Robotic manipulation domains often contain a combinatorial number of possible tasks, arising from combinations of different components, such as robots, objects, obstacles, and objectives. Collecting demonstrations for all combinations is prohibitively expensive. ICDG leverages the underlying compositional structure of these domains to generalize far beyond the tasks it has been trained on, enabling large-scale capability growth from limited data.
-
Semantic Compositional Diffusion Transformer:
Factorizes each transition into specific components and learns their interactions through attention, enabling strong compositional generalization. -
Zero-Shot Generation:
Generates full state–action–next-state transitions for new task combinations that were never observed in real data. -
Iterative Self-Improvement:
Synthetic data is evaluated using offline RL; only high-quality, policy-validated transitions are added back into the training pool, allowing the model to continuously refine itself without additional real data collection. -
Data Efficiency and Generalization:
Trained on real data from approximately 20 percent of possible task combinations, ICDG generates useful data for the remaining tasks and ultimately solves nearly all held-out tasks. -
Utility of Rare Successful Synthetic Data:
Even synthetic datasets with very low evaluated success (e.g., single-digit to low double-digit percentages) still bootstrap strong online RL: initializing online RL with such data yields high task success with far fewer environment steps than training from scratch. -
Emergent Compositional Structure:
Attention patterns and intervention tests reveal that the model recovers meaningful task-factor dependencies, despite no hand-crafted structure being imposed.
- Python 3.9.6
- CUDA-capable GPU (for training diffusion models and policies)

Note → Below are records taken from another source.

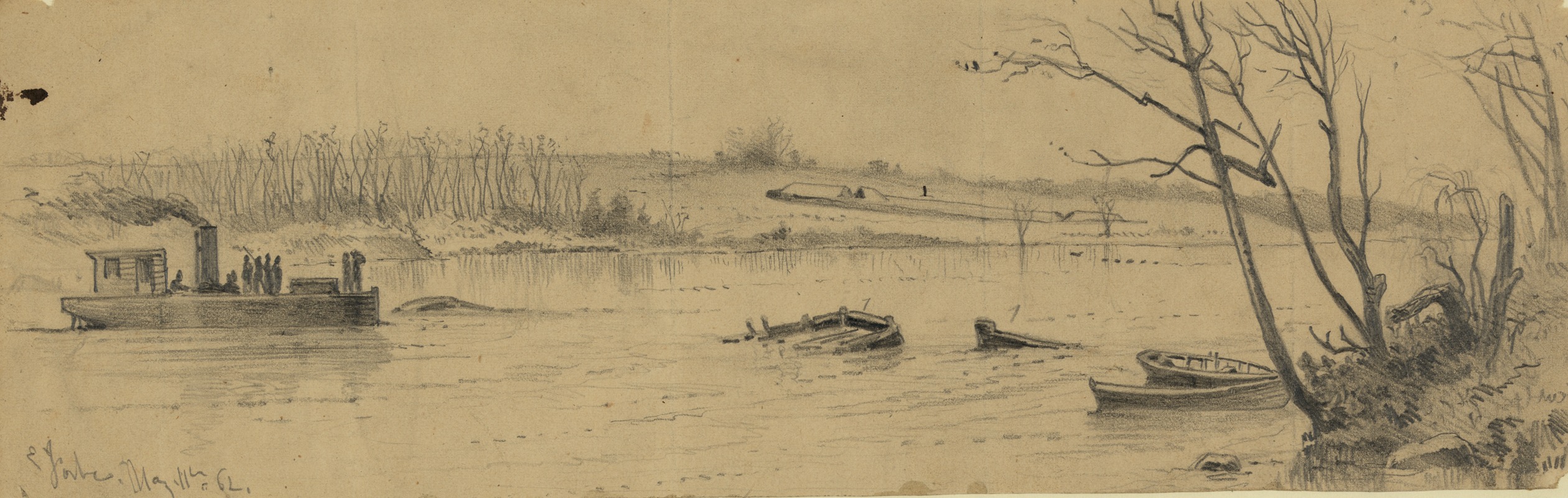 Edwin Forbes - Sunken vessels, in the Rappahannock River, below Fredericksburg, with earthwork commanding the channel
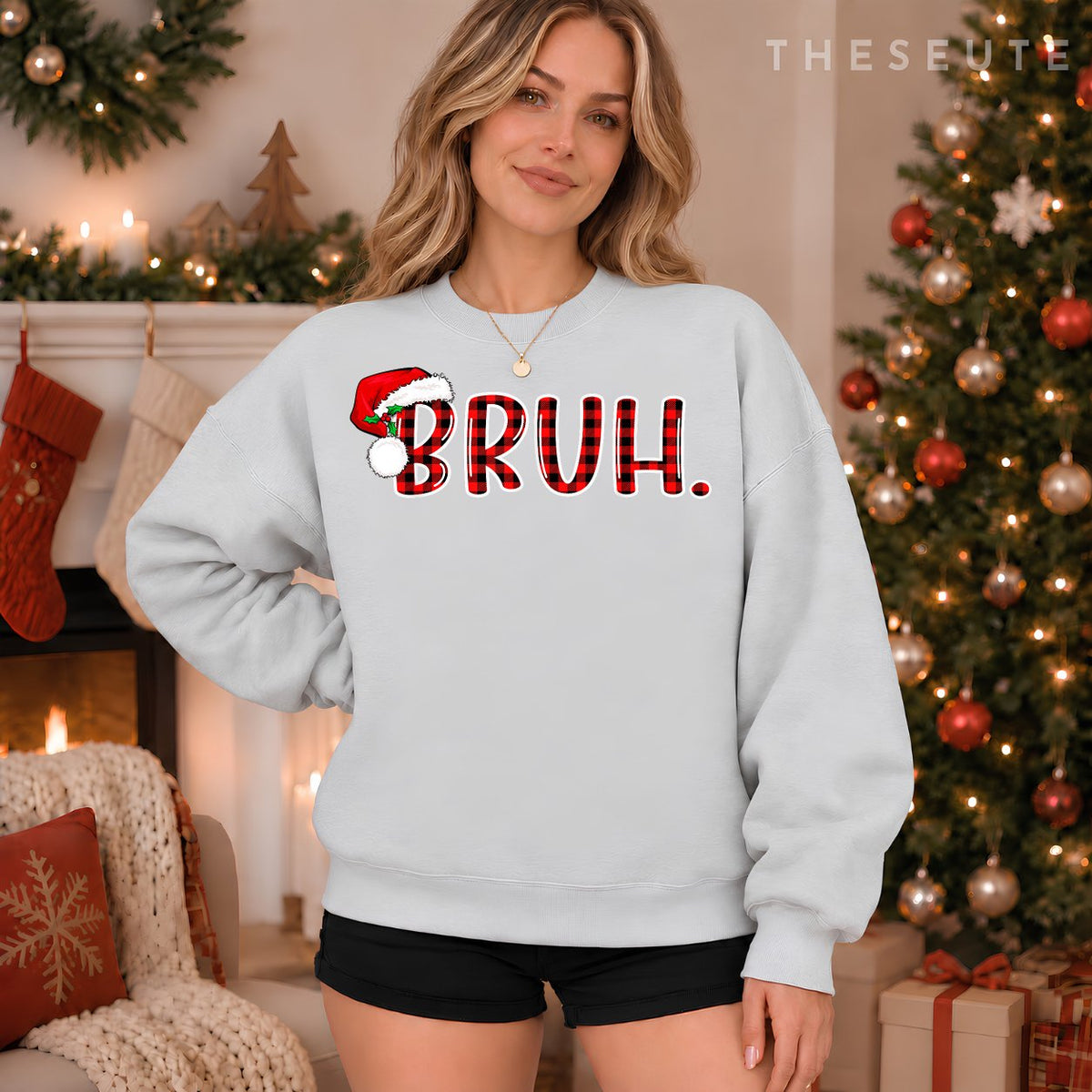 Bruh Funny Christmas Plaid Teens Boys Kids Xmas Pajamas Sweatshirt
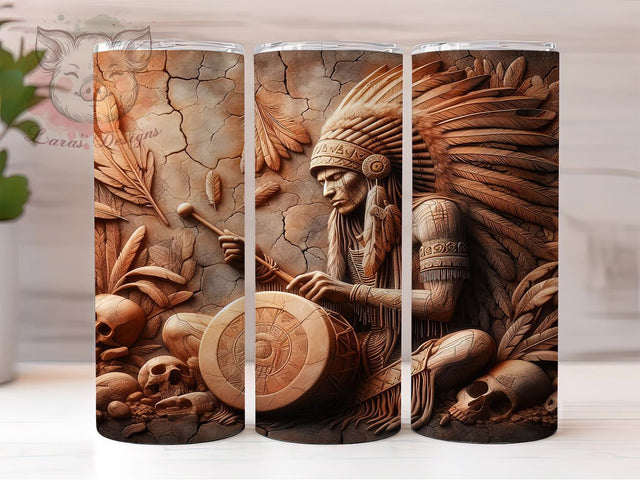 3D Native Tribal Carved Tumbler Wrap, Carved Wall Tumbler, Indigenous 3D Sublimation, Tribal Carving Cup, Native Heritage Drinkware, Rustic Wall Art Mug, Cultural Carved Digital Sublimation Lara' s Designs 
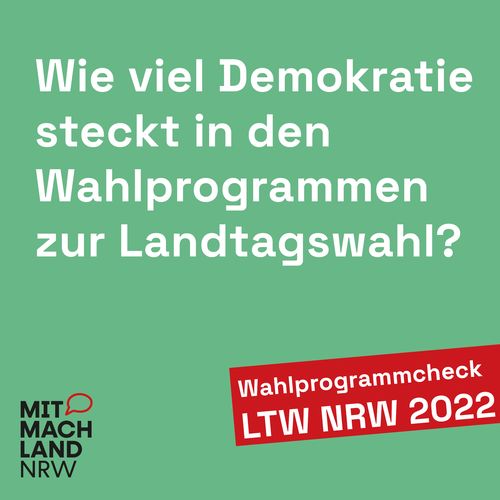 Wieviel Demokratie steckt in den Wahlprogrammen zur Landtagswahl? – Der Mehr Demokratie Wahlprogramm-Check!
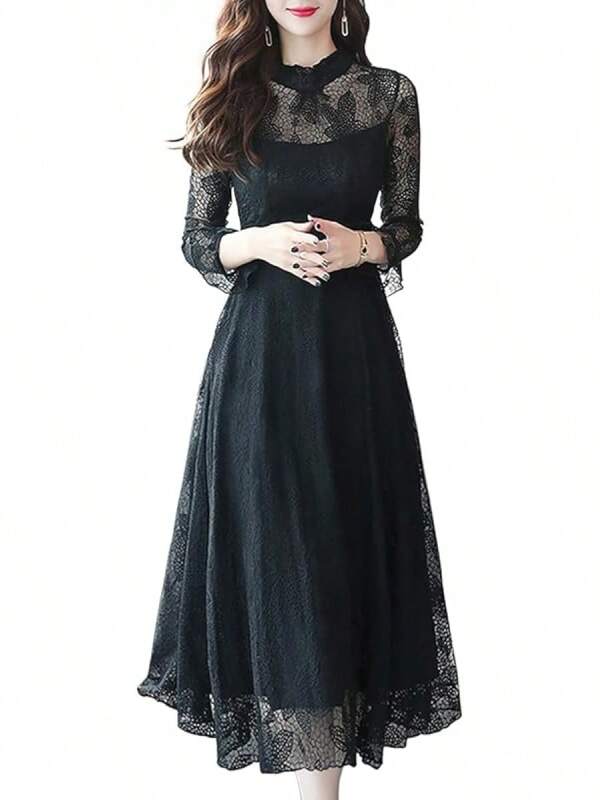 Women's Dress, Lace, Long, Frilled Dress, Long Sleeves, Flare, All Patterns, Cute, High Waist, Slimming, Fashion, Uncut, Pleated, Party, Wedding, Work, After-Party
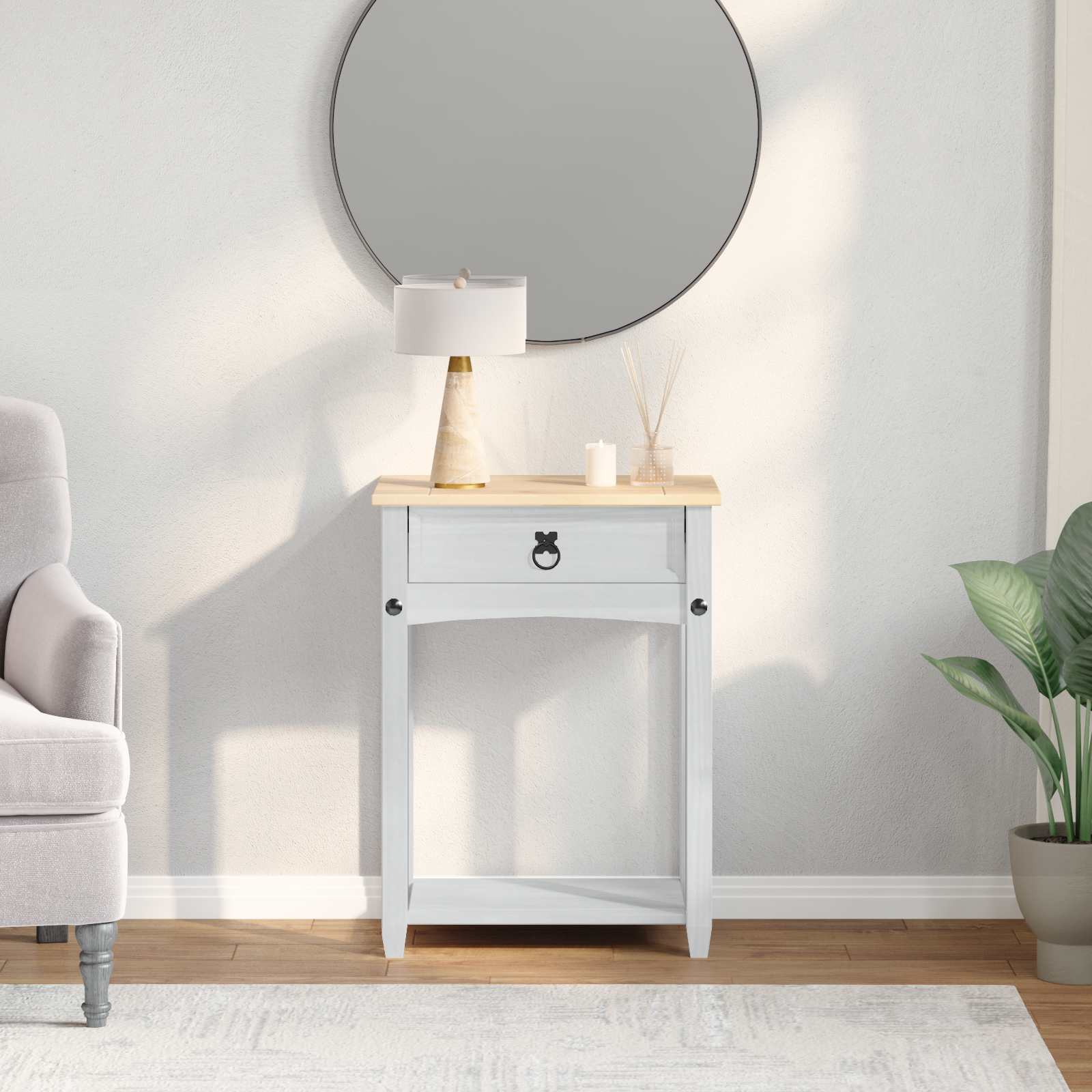 vidaXL Console table White 55 x 35 x 73 cm Solid Pine Wood 1
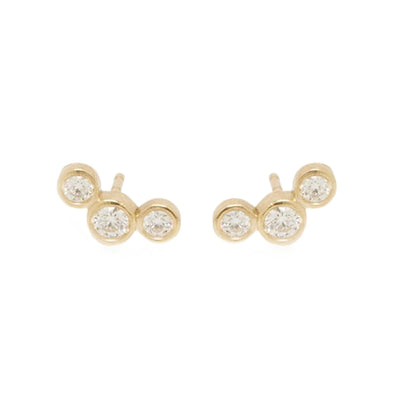 14 KARAT YELLOW GOLD GRADUATED DIAMOND EARRINGS - Tapper's Jewelry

- SLURM cluster access (for running experiments)
- Create a Python 3.9.6 virtual environment:
python3.9 -m venv first_3.9.6
source first_3.9.6/bin/activate # On Linux/Mac- Install dependencies from
requirements.txt:
pip install --upgrade pip
pip install -r requirements.txtNote: The requirements.txt includes an editable install of CompoSuite from a specific git commit for reproducibility:
-e git+https://github.com/Lifelong-ML/CompoSuite.git@1fa36f67f31aeccc9ef75748bfc797960e044a86#egg=composuite
- Set up the data directory:
- Download expert datasets from Dryad
- Organize the data according to the structure described in
data/README.md - Only expert datasets are needed for this project
The main pipeline implements the iterative self-improvement procedure from the paper (see Figure 1). The process consists of:
- Compositional Diffusion Training: Train the semantic compositional diffusion transformer on N expert datasets + M high-quality synthetic datasets from previous iterations
- Zero-shot Data Generation: Generate synthetic transitions for all remaining task combinations (All combinations - N - M)
- Offline RL Validation: Train policies on synthetic data and evaluate performance via offline RL
- Quality-based Filtering:
- Good datasets: Added to training set for next iteration (M synthetic datasets)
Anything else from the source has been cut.